Una leggenda locale riporta qui anche l’apparizione della Trinità all’imperatore d’Oriente Teodosio, intrecciando il racconto del luogo con la grande storia europea. La presenza dell’acqua spiega anche l’insediamento antico: nel vicino Palù di Livenza è stato individuato un sito palafitticolo neolitico. I reperti, tra cui basi lignee, utensili, semi, ossa e ceramiche, sono conservati al Museo archeologico del Castello di Torre a Pordenone; una passeggiata nell’area aiuta a visualizzare l’equilibrio tra acque, caccia e primi villaggi.

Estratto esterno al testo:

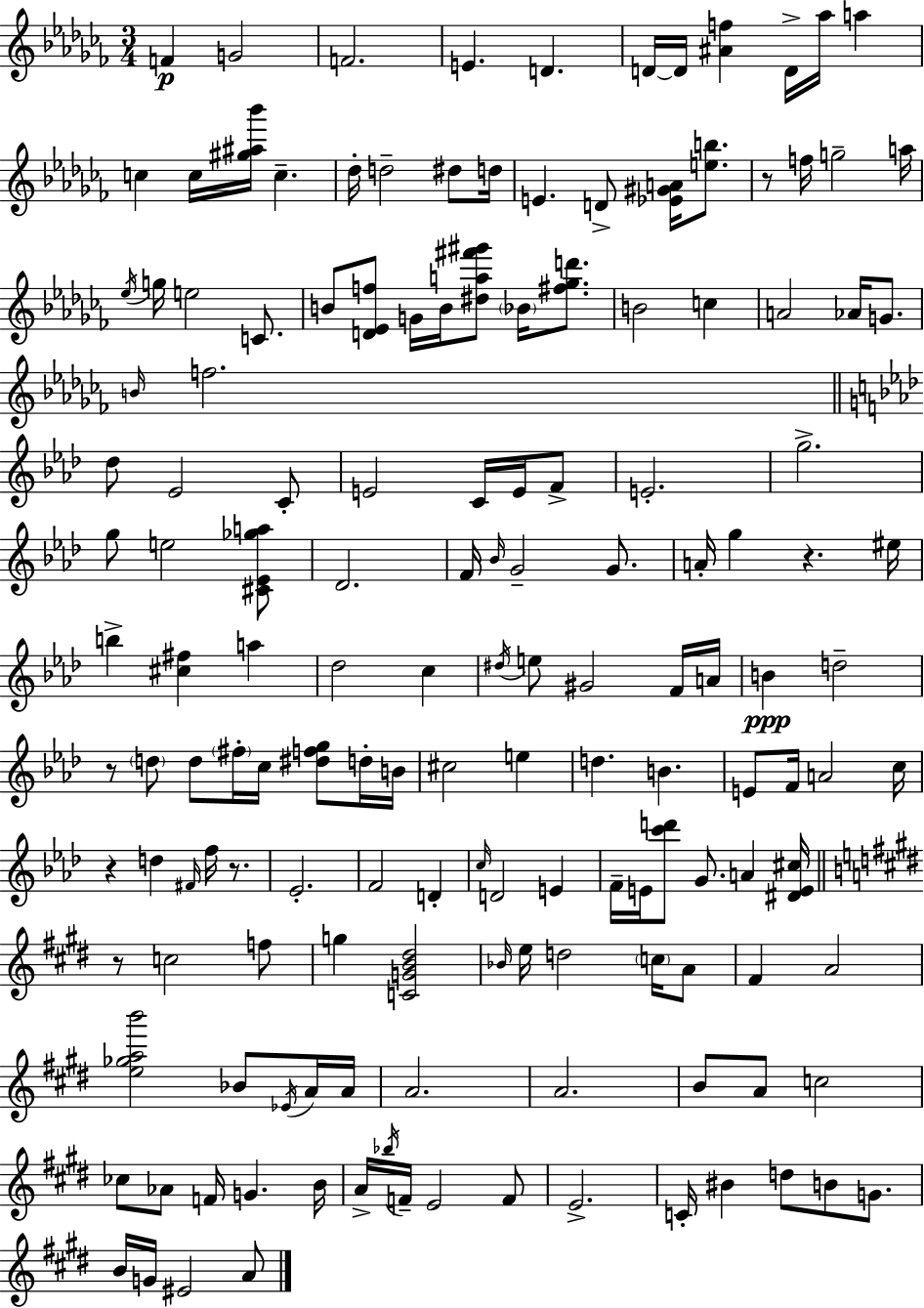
{
  \clef treble
  \numericTimeSignature
  \time 3/4
  \key aes \minor
  \repeat volta 2 { f'4\p g'2 | f'2. | e'4. d'4. | d'16~~ d'16 <ais' f''>4 d'16-> aes''16 a''4 | \break c''4 c''16 <gis'' ais'' bes'''>16 c''4.-- | des''16-. d''2-- dis''8 d''16 | e'4. d'8-> <ees' gis' a'>16 <e'' b''>8. | r8 f''16 g''2-- a''16 | \break \acciaccatura { ees''16 } g''16 e''2 c'8. | b'8 <d' ees' f''>8 g'16 b'16 <dis'' a'' fis''' gis'''>8 \parenthesize bes'16 <fis'' ges'' d'''>8. | b'2 c''4 | a'2 aes'16 g'8. | \break \grace { b'16 } f''2. | \bar "||" \break \key f \minor des''8 ees'2 c'8-. | e'2 c'16 e'16 f'8-> | e'2.-. | g''2.-> | \break g''8 e''2 <cis' ees' ges'' a''>8 | des'2. | f'16 \grace { bes'16 } g'2-- g'8. | a'16-. g''4 r4. | \break eis''16 b''4-> <cis'' fis''>4 a''4 | des''2 c''4 | \acciaccatura { dis''16 } e''8 gis'2 | f'16 a'16 b'4\ppp d''2-- | \break r8 \parenthesize d''8 d''8 \parenthesize fis''16-. c''16 <dis'' f'' g''>8 | d''16-. b'16 cis''2 e''4 | d''4. b'4. | e'8 f'16 a'2 | \break c''16 r4 d''4 \grace { fis'16 } f''16 | r8. ees'2.-. | f'2 d'4-. | \grace { c''16 } d'2 | \break e'4 f'16-- e'16 <c''' d'''>8 g'8. a'4 | <dis' e' cis''>16 \bar "||" \break \key e \major r8 c''2 f''8 | g''4 <c' g' b' dis''>2 | \grace { bes'16 } e''16 d''2 \parenthesize c''16 a'8 | fis'4 a'2 | \break <e'' ges'' a'' b'''>2 bes'8 \acciaccatura { ees'16 } | a'16 a'16 a'2. | a'2. | b'8 a'8 c''2 | \break ces''8 aes'8 f'16 g'4. | b'16 a'16-> \acciaccatura { bes''16 } f'16-- e'2 | f'8 e'2.-> | c'16-. bis'4 d''8 b'8 | \break g'8. b'16 g'16 eis'2 | a'8 } \bar "|."
}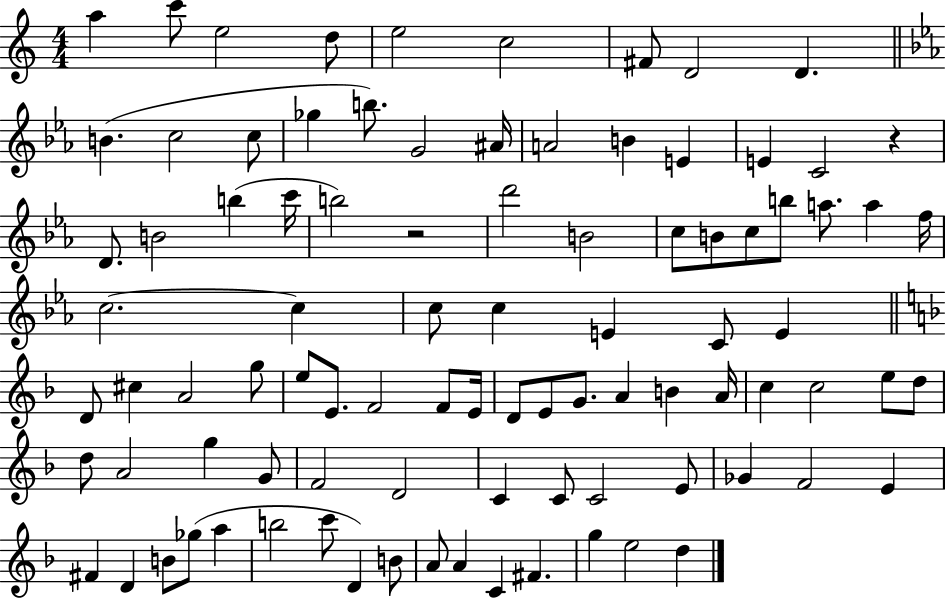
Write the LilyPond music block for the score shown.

{
  \clef treble
  \numericTimeSignature
  \time 4/4
  \key c \major
  a''4 c'''8 e''2 d''8 | e''2 c''2 | fis'8 d'2 d'4. | \bar "||" \break \key ees \major b'4.( c''2 c''8 | ges''4 b''8.) g'2 ais'16 | a'2 b'4 e'4 | e'4 c'2 r4 | \break d'8. b'2 b''4( c'''16 | b''2) r2 | d'''2 b'2 | c''8 b'8 c''8 b''8 a''8. a''4 f''16 | \break c''2.~~ c''4 | c''8 c''4 e'4 c'8 e'4 | \bar "||" \break \key f \major d'8 cis''4 a'2 g''8 | e''8 e'8. f'2 f'8 e'16 | d'8 e'8 g'8. a'4 b'4 a'16 | c''4 c''2 e''8 d''8 | \break d''8 a'2 g''4 g'8 | f'2 d'2 | c'4 c'8 c'2 e'8 | ges'4 f'2 e'4 | \break fis'4 d'4 b'8 ges''8( a''4 | b''2 c'''8 d'4) b'8 | a'8 a'4 c'4 fis'4. | g''4 e''2 d''4 | \break \bar "|."
}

Parco San Floriano e sentieri pedemontani

A sud del borgo si estende il Parco rurale di San Floriano, nato da un lascito dell’ingegner Bazzi con finalità educative e oggi gestito da una cooperativa sociale. Qui convivono fattoria, orti, frutteti con varietà antiche, percorsi salutistici e spazi per biciclette, cavallo e canoa. Si allevano razze a rischio abbandono, si coltivano erbe aromatiche e officinali e si organizzano attività didattiche legate al mondo rurale. In cima al colle, la chiesetta affrescata di San Floriano, visitabile su richiesta, regala uno sguardo aperto sulle campagne.

Polcenigo è anche una base pratica per cammini senza eccessivo impegno. I sentieri pedemontani collegano Budoia, Santa Lucia, Mezzomonte — dove si segnala un’impronta di dinosauro teropode datata tra 150 e 100 milioni di anni fa —, Dardago e di nuovo il parco di San Floriano. I tracciati alternano boschi misti, vigneti e zone umide, ideali per chi cerca tempo all’aria aperta con andatura lenta.

Quando andare e quanto fermarsi

Il periodo migliore coincide con primavera e inizio autunno: corsi d’acqua generosi, temperature miti e vegetazione al massimo. L’estate offre giornate luminose e serate fresche, utili per sfuggire al caldo di pianura, mentre l’inverno regala nebbie e atmosfere raccolte, adatte a chi cerca silenzio e passeggiate brevi. 

Per i tempi di visita, una notte è sufficiente per il borgo e le due sorgenti principali; con due o tre giorni si può estendere l’esplorazione al Palù di Livenza, al parco di San Floriano, a Sacile, Pordenone e alle vicine mete di Piancavallo o del lago di Barcis.